El poema, ser de palabras, va más allá de palabras y la historia no agota el sentido del poema, pero el poema no tendría sentido – y ni siquiera existencia – sin la história, sin la comunidad que lo alimenta ya la que alimenta. [11]

 

               Em Heidegger temos que “poesía es lenguaje primogénito de un pueblo”[12]. O fundamento da linguagem está paralelo ao da poesia: Ambos são elementos criadores  por excelência. No poema há a busca de significados de objetos relativos e históricos. Também, possibilita que as palavras ultrapassem seus próprios limites. O poeta, segundo Paz, atribui às palavras um poder poético que possui um sentido histórico, já que a comunidade torna o poema possível, mas, não o esgota posto que o poema encontra-se além das palavras cotidianizadas:

Como toda creación humana, el poema es un producto histórico, hijo de un tiempo y un lugar; pero también es algo que trasciende lo histórico y se sitúa en un  tiempo anterior a toda historia, en el principio del principio. [13]

 

               O vestígio histórico no poema assegura a intercalação entre passado, presente e futuro em um contínuo temporal,

 

El poema es tiempo arquetípico [...] es tiempo que encarna en la experiencia de un pueblo, un grupo o una secta. Esta posibilidad encarnar entre los hombres lo hace manantial, fuente: el poema da de beber el agua de un perpetuo presente que es, asimismo, el más remoto pasado y el futuro más inmediato. La segunda manera de ser histórico del poema es ... su transmutar el tiempo sin abstraerlo; y esa misma operación lo lleva, para cumplirse plenamente, a regresar al tiempo.[14]

 

               Dessa forma, no poema temos “daqueles lodos sou pó”. Segundo Mário Faustino, em Poesia-experiência, a poesia possui como meta o “universal”, “deve procurar reunir os homens e identificá-los ao universo social e cósmico”, deve chegar à totalidade, enfim. T.S.Eliot, nos Ensaios de doutrina crítica, indica a tradição como elemento configurador da obra de arte, pois, “nenhum poeta, nenhum artista de qualquer arte, detém sozinho, o seu completo significado”. Nesse caso a tradição adquire um valor fundador enquanto manifestação poética de um tempo histórico a-temporal, onde convergem os poetas do passado, do presente e do futuro.
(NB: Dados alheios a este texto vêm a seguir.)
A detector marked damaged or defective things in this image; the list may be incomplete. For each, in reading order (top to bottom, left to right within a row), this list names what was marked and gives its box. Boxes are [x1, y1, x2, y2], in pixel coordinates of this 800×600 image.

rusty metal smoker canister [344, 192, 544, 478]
               A voz poética referencia um povo. Em “Comentários a la esencia de la poesia”, García Bacca nomeia o povo como:

 

una colectividad de hombres que han conseguido poblar todo, hasta la tierra, sus ríos, montañas, cuevas, bosques, picos, árboles [...]; de leyendas, historias, mitos, apariciones, fantasmas, poemas, música, religión [...] Todo a un tono. Ese tono único es el que hará que las voces individuales suenen concertadas. [15]

 

               A palavra poética precisa de seu povo, tal como afirma Heidegger: “la palabra poética no es sino la explicación de la voz del Pueblo”. Para Paz, a poesia também é recordação. A poesia rememora o povo. A partir do silêncio, da palavra em branco, a palavra poética nasce e se reitera à criação. Portanto, “la voz del pueblo no habla nunca en Filosofía, en Ciencia, en Religión. Habla de todo ello en Poesía, en Azul[...]”[16].
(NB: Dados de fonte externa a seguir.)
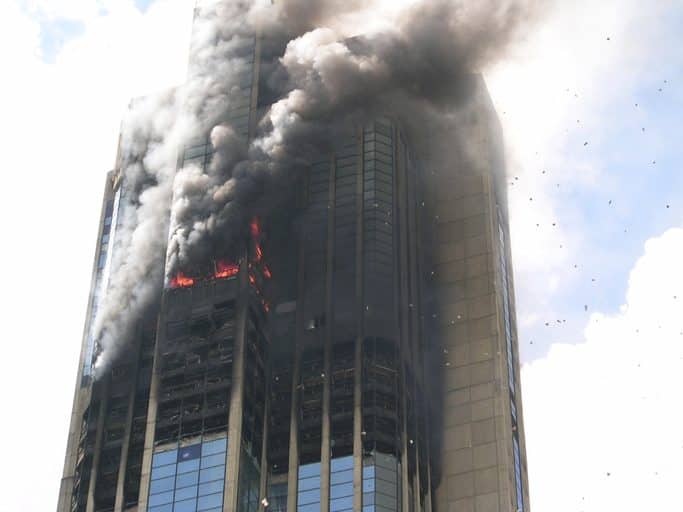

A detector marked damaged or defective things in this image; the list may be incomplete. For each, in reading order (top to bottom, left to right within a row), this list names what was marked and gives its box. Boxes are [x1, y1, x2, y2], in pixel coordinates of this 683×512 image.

darkened charred facade [57, 14, 528, 512]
               Borges, em “A poesia”, cita Bradley que confere à poesia o efeito de “recordar algo esquecido” e não de “descobrir algo novo”. De que outra maneira algo seria recordado se não por intermédio de um povo que, assim como o poeta, descobre e inventa sua trajetória enquanto voz? Para Paz,

 

           La experiencia poética no es otra cosa que revelación de la condición humana, esto es, de ese trascenderse sin cesar en el que reside precisamente su libertad esencial.

           Si la libertad es movimiento del ser, trascenderse continuo del hombre, ese movimiento deberá estar referido siempre a algo. Y así es: es un apuntar hacia un valor o una experiencia determinada[...] Nos habla del poema mismo, del actor de crear y nombrar. Y más: nos lleva a repetir, a recrear su poema, a nombrar aquello que nombra, y al hacerlo, nos revela lo que somos [...] al recrear sus palabras, nosotros también revivimos su aventura y ejercitamos esa libertad en la que se manifiesta nuestra condición.[17]

 

                    A idéia de Paz de mundo como texto, abordada em crítica de Uchôa Leite, nos remete à idéia de mundo como um texto a ser decifrado, a ser decodificado. Essa relação se torna possível pela convenção de signos adotados por um povo, e, pela capacidade de transcendê-los. Ao mesmo instante que se remete a sua função histórica, a palavra se vincula ao seu branco, aquilo que está à espera de decifração. Como ponto finalizador temos a seguinte afirmação de Paz: “A poesia é a memória feita imagem e esta convertida em voz”.

 

3 LINGUAGEM E IMAGEM

               Luzes traspassam o cômodo frio. Figuras surgem andando no chão escuro. Passos enchem de som o ambiente devastado. Cores dão vida a objetos enlanguescidos. Jorra o tempo despercebido na habitação intacta. Noite. A escuridão avassala irrompendo no espaço o imóvel. Estaticidade. 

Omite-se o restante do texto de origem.